Problem with Existing Datasets: Prior mode-switching datasets like FusedChat and InterfereChat allow only a single transition between TOD and chitchat (at most 1 switch point), and lack structural diversity. They adhere to a TOD-centric perspective, inserting chitchat at fixed points as single exchanges. This makes them unsuitable for modeling the dynamic, multi-turn transitions that occur in real conversations.

Two Missing Capabilities: Current systems lack (1) transition-awareness -- the ability to detect and adapt to mode changes, and (2) proactivity -- the ability to plan ahead and guide the conversation flow when appropriate. TACT is the first dataset that requires agents to both initiate and recover from mode transitions across multiple turns.

Proposed Method

Dataset Construction

TACT (TOD-And-Chitchat Transition) is built by augmenting two established TOD corpora -- MultiWOZ 2.2 and SLURP -- with structurally diverse chitchat transitions. Two core dialogue flow types are defined:

1
TCT Flow (TOD → Chitchat → TOD)
Extract task segments of 4+ turns from MultiWOZ 2.2, and insert a chitchat block at a natural boundary between intents. The chitchat briefly diverges from the task before the dialogue returns to its original goal.
2
CTC Flow (Chitchat → TOD → Chitchat)
Begin with a short TOD segment (2-3 turns) and attach chitchat before and after the task, forming a wrap-around flow that simulates users casually engaging in a task during a social exchange.
3
Automatic Validation
A hybrid validation pipeline combines human-aligned criteria (from G-Eval) with model-based reasoning (from Active-Critic), scoring each dialogue on Intent Accuracy, Transition Quality, and Dialogue Naturalness using GPT-4o-mini as judge.

Dataset Statistics

StatisticTACTMultiWOZTACTSLURP
# Intents1150+
# Dialogues7,1099,936
# Avg. Turns15.0416.42
# Avg. Switch1.932.06
# Avg. Recovery0.931.07
# Unique Flow Types1112
Flow PatternsTCT, CTC, TCTCT, etc.

Training Framework

1
SFT with FnCTOD
Supervised fine-tuning using the FnCTOD architecture on LLaMA-3.1-8B-Instruct.

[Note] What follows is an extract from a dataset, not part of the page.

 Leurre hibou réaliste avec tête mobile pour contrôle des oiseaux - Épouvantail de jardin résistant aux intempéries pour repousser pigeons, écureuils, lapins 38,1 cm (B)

The model reinterprets function-calling as structured intent representation: at each turn, it first predicts an intent, then generates a response conditioned on that intent -- enabling unified intent prediction and response generation in a single auto-regressive pass.
2
DPO (Direct Preference Optimization)
Applied on top of SFT to align model outputs with human preferences. Preference pairs (3,009 instances) are generated by comparing FnCTOD and GPT-4o-mini outputs, with Gemini-2.5-Pro judging on sensibleness, specificity, interestingness, and transition naturalness. This is the first application of DPO in a unified dialogue generation setting combining structured function-calling with TOD and chitchat.

Evaluation Metrics: Switch & Recovery

S
Switch
Measures when the agent shifts from one mode to another (e.g., TOD→Chitchat). Reported as Attempt (average number of agent-driven mode shifts per dialogue) and Success (average number of transitions accepted by the user). A switch is successful only when the user subsequently accepts the agent-suggested mode transition.
R
Recovery
Measures when the agent returns to a previously suspended mode (e.g., TCT, CTC). Also reported as Attempt and Success. Only about 34% of successful recoveries return to the exact previous intent -- the rest initiate a new but relevant intent within the correct mode, showing that recovery does not always mean returning to the same task.

Experimental Results

All SFT models are initialized with LLaMA-3.1-8B-Instruct and trained for 3 epochs with a learning rate of 1e-5 and batch size of 256. Four methods are compared: ICL (zero-shot and few-shot with GPT-4o), SFT, SFT-DPO, and a generative-classifier-based Pipeline.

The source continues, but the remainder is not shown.